The SEC also alleges that Langford failed to inform TierOne's accounting staff or external auditors of current, relevant valuation information on a number of loans and OREO properties. Id. at 11, 13-15, 16. It also alleges that Langford did nothing in response to an email in February 2009 from the Bank's special assets executive that expressed concern about the use of outdated appraisals, listed stale appraisals, and informed Langford that "astronomical" write-downs would result from properly valuing the loans. Id. at 19. The special assets executive asked, "In good conscience how long can we continue to believe these [loans] are properly reserved?" Id. Several months later, the special assets executive again wrote to Langford, reiterating the concern that the Bank "refuse[d] to update collateral valuations, out of the fear of what impact these actions may have on reserve levels, " and explicitly expressing fear that the Bank was "misleading the public." Id. at 20-21. The SEC alleges that Langford took no action to correct the loan and OREO losses in TierOne's financial statements, nor did he forward the email to TierOne's accounting staff or outside auditors. Id. Also, he made no mention of the troubling email at the Sarbanes-Oxley (SOX) Committee meeting three days later, when he provided positive assurances to the committee that no one believed the financial statements contained material misstatements or omissions. Id. at 21.

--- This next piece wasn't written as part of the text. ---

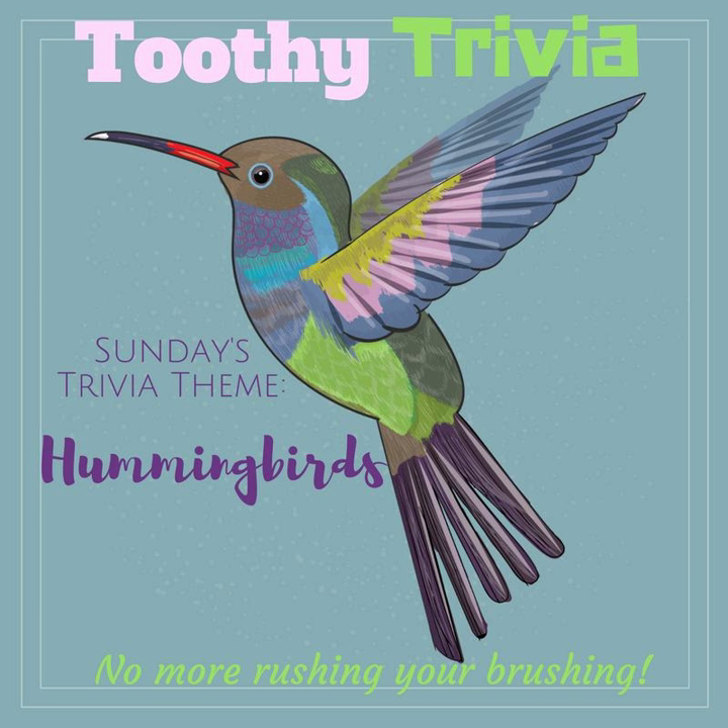Hummingbirds lay the smallest eggs of all birds. They measure less than a half inch long, but may represent as much as 10% of the mother's weight at the time the eggs are laid. A hummingbird egg is smaller than a jelly bean.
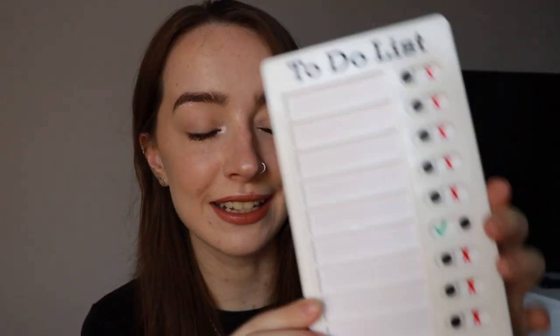So we're going to start off with the stuff from Shein. I've ordered from Shein so many times. The first thing from Shein is a to-do list. I have seen this advertised everywhere lately and I just feel like this is going to help me out massively because there's so many things I need to do in the morning.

Further, the SEC alleges that Langford played a major role in developing an internal estimate of losses embedded in TierOne's loan portfolio, but did not disclose that estimate to auditors or regulators. Id. at 19. Langford's initial analysis indicated the Bank needed an additional $65 million in loan loss reserves; a refined analysis, entitled the "Best/Worst Case Scenario, " showed losses ranging from a "best case" of $36 million to a "worst case" of $114 million. Id. at 19-20. The SEC alleges that Langford did not incorporate his Best/Worst Case Scenario figures into the impaired-loan templates, or share those figures with the Banks' accounting staff or external auditors. Id. at 20. The Bank's outside auditors resigned when they learned the analysis had been withheld. Id.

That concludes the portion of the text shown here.